§ Dataset entries:
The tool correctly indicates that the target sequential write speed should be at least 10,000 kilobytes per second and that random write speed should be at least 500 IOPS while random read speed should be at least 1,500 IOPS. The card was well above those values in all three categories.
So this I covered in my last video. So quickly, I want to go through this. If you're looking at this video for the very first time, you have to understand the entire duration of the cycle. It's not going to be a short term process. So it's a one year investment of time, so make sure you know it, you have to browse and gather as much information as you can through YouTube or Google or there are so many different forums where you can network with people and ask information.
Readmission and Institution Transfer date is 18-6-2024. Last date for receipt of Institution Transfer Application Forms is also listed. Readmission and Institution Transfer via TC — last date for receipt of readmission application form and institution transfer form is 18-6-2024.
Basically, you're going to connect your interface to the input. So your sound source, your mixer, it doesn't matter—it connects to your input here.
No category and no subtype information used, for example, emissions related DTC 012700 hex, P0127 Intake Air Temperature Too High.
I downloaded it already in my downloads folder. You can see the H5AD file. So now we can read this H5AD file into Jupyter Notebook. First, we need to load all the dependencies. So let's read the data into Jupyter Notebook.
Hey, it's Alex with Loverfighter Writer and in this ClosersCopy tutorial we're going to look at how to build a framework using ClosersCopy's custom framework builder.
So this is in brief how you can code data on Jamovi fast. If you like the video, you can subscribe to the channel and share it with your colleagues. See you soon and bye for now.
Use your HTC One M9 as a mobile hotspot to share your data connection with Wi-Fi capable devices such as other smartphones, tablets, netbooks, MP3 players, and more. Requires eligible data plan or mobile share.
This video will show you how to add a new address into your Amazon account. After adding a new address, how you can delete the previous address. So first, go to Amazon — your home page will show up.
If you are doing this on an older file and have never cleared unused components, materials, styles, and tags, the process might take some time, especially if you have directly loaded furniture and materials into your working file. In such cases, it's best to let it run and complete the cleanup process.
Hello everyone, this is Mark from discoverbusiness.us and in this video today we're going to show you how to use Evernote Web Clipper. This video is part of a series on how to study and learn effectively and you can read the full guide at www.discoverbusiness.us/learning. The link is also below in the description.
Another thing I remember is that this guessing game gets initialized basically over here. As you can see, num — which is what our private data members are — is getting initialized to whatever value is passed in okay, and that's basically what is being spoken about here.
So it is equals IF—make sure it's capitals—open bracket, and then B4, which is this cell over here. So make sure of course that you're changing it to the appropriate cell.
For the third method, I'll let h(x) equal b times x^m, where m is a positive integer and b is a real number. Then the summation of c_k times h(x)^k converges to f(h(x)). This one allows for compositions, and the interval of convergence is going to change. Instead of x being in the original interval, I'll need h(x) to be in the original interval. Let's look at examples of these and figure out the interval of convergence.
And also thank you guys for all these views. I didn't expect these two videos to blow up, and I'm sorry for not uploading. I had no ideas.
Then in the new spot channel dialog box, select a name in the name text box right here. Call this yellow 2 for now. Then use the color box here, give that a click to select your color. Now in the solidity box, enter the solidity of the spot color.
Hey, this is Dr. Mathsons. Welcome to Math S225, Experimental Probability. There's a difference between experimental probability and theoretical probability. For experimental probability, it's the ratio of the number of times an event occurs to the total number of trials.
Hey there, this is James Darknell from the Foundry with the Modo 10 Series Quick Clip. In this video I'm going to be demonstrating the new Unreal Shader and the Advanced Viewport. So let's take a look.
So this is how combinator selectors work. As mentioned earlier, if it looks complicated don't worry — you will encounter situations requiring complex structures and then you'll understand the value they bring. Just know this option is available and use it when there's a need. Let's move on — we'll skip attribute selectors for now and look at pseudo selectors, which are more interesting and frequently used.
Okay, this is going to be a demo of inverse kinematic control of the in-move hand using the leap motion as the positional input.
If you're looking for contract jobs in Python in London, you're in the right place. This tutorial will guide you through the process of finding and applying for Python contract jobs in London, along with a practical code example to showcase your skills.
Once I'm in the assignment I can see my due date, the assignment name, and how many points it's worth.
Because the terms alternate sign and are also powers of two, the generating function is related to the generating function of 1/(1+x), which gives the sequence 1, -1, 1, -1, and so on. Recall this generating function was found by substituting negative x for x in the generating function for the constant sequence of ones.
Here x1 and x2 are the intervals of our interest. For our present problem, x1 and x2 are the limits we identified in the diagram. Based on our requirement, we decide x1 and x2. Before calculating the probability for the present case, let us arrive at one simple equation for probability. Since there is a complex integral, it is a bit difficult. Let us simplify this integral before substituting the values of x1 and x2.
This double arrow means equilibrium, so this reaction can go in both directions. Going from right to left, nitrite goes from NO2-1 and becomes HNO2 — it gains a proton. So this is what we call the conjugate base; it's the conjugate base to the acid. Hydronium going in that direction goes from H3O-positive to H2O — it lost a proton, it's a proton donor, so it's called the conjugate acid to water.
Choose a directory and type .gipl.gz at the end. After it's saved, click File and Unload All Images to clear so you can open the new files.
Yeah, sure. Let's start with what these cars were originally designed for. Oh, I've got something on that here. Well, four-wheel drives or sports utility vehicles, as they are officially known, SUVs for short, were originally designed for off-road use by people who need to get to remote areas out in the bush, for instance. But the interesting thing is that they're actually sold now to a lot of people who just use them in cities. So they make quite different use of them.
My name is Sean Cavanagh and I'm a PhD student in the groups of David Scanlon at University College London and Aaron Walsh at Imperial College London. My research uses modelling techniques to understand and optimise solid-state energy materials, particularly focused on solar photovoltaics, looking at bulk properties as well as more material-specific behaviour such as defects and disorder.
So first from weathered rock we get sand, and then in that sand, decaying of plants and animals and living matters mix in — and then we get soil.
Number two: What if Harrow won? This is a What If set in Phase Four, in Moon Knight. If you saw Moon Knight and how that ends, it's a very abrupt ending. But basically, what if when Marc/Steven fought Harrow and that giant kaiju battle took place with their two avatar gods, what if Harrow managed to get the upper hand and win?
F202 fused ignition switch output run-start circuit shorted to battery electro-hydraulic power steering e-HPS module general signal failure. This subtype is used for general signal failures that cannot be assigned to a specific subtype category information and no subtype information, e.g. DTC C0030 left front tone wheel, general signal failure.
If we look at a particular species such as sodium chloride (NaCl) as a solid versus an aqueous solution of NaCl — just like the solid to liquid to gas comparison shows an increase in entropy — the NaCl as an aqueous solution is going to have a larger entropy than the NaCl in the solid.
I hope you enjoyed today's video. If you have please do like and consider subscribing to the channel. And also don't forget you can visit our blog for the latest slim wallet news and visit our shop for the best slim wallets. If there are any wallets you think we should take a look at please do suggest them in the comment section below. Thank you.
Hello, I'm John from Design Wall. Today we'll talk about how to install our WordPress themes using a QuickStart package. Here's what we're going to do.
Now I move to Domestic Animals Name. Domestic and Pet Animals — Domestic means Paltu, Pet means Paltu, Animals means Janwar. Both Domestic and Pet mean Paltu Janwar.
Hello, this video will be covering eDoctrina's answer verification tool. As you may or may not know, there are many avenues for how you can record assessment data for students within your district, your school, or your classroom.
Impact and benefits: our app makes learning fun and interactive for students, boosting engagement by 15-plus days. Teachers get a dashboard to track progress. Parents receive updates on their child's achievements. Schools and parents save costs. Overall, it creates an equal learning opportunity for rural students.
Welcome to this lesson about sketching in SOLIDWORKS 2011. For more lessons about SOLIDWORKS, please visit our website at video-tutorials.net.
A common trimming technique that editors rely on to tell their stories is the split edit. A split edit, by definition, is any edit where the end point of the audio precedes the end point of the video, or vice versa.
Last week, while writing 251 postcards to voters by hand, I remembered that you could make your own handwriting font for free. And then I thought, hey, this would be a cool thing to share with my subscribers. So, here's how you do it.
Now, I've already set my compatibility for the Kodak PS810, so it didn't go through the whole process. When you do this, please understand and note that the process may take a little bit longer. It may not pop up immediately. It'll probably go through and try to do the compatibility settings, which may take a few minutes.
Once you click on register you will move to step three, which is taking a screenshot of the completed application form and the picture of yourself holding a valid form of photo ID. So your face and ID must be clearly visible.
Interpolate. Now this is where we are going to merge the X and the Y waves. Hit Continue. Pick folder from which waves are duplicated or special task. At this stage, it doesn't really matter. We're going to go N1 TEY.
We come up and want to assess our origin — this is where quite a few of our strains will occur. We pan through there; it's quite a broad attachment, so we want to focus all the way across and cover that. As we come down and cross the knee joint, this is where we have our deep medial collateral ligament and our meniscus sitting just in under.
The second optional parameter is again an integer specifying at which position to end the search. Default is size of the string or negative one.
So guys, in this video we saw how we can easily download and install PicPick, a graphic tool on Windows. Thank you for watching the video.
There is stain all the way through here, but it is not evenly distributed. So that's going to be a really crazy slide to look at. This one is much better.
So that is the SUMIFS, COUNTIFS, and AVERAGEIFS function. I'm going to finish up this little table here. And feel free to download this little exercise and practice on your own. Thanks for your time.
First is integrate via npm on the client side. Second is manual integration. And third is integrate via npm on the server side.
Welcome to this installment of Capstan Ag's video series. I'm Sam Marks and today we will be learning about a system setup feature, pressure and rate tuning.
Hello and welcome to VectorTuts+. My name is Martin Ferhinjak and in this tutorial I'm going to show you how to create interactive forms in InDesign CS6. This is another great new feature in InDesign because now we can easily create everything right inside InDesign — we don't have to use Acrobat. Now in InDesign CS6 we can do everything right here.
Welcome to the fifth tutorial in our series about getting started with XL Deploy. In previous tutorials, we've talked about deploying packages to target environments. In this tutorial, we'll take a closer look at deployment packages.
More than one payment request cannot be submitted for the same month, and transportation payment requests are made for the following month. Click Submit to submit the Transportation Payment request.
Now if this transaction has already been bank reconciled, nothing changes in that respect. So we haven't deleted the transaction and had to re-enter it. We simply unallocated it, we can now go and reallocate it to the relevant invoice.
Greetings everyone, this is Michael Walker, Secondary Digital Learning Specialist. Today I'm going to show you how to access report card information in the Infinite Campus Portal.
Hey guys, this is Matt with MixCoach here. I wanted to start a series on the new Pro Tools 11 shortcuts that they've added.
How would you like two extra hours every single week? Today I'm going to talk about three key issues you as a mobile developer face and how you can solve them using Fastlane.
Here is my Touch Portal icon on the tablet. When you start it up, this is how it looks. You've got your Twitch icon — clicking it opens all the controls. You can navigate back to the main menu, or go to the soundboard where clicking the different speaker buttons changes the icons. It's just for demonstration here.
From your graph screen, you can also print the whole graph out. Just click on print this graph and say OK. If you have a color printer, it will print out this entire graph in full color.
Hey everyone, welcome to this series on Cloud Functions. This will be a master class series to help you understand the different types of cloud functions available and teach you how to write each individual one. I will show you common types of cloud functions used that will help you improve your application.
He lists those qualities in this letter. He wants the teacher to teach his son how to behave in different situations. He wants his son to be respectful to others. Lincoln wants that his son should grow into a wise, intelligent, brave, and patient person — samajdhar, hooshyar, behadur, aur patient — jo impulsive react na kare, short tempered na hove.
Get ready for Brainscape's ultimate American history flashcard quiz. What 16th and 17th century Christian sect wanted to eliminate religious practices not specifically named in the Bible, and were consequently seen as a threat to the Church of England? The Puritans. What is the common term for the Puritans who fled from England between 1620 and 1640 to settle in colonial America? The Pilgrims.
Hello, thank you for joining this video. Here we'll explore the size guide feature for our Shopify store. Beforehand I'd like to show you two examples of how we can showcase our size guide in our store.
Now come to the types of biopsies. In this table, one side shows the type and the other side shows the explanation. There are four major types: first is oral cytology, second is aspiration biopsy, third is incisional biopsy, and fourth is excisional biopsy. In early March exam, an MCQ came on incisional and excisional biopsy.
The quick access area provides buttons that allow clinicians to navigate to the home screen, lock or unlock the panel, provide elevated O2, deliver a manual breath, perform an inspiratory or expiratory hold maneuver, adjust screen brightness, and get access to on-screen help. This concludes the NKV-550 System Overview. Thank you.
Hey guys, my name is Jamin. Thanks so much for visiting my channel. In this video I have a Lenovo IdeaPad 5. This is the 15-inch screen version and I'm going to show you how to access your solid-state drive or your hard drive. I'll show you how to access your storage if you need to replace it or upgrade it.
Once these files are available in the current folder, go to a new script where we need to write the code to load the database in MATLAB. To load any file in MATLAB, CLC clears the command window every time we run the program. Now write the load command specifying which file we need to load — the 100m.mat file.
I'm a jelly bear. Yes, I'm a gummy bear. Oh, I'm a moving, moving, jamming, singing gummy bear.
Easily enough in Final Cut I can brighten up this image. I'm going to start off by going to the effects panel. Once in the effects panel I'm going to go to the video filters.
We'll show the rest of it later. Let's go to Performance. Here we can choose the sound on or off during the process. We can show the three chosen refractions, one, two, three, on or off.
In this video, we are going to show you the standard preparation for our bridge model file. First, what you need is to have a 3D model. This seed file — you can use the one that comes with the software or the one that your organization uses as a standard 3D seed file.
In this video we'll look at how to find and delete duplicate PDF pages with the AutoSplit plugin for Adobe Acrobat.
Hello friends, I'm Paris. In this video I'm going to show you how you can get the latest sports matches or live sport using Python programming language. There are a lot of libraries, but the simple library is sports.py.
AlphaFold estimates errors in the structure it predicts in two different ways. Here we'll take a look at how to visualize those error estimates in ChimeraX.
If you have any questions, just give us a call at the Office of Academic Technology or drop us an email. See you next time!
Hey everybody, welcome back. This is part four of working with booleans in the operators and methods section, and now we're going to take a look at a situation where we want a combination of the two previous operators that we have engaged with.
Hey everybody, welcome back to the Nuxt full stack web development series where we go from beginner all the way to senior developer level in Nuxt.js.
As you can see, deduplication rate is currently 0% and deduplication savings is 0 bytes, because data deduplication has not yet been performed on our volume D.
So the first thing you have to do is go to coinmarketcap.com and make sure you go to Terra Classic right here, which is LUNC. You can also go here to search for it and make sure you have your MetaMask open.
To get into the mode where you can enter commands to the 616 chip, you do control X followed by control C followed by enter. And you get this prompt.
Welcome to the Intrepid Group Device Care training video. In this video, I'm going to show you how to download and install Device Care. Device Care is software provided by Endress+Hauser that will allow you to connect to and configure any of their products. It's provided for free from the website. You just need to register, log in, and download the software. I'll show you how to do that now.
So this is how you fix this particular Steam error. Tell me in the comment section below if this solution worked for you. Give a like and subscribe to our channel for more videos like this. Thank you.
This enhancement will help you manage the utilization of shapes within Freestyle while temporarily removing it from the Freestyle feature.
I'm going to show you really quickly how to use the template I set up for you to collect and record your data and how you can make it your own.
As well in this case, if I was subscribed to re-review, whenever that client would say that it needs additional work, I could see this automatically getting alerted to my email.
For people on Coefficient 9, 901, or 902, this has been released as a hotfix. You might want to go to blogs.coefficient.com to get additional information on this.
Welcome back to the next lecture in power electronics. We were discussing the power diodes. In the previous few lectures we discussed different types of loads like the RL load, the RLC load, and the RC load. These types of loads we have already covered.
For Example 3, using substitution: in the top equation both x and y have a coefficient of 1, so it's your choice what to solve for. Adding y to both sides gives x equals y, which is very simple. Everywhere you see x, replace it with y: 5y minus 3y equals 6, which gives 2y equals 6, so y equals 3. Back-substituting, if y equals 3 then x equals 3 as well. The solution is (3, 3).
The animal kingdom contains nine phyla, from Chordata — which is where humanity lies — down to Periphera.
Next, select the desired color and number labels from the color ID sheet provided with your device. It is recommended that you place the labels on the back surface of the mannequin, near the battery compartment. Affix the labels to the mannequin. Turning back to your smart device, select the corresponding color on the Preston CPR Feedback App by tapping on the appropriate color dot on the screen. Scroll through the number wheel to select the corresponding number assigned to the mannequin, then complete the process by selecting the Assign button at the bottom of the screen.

§ Exercise prompt:
Taking the material above, extract exactly and only the lines from the line with "Hello friends, I'm" to the line with "As you can see, deduplication", inclusive of both.

§ Answer box:
Hello friends, I'm Paris. In this video I'm going to show you how you can get the latest sports matches or live sport using Python programming language. There are a lot of libraries, but the simple library is sports.py.
AlphaFold estimates errors in the structure it predicts in two different ways. Here we'll take a look at how to visualize those error estimates in ChimeraX.
If you have any questions, just give us a call at the Office of Academic Technology or drop us an email. See you next time!
Hey everybody, welcome back. This is part four of working with booleans in the operators and methods section, and now we're going to take a look at a situation where we want a combination of the two previous operators that we have engaged with.
Hey everybody, welcome back to the Nuxt full stack web development series where we go from beginner all the way to senior developer level in Nuxt.js.
As you can see, deduplication rate is currently 0% and deduplication savings is 0 bytes, because data deduplication has not yet been performed on our volume D.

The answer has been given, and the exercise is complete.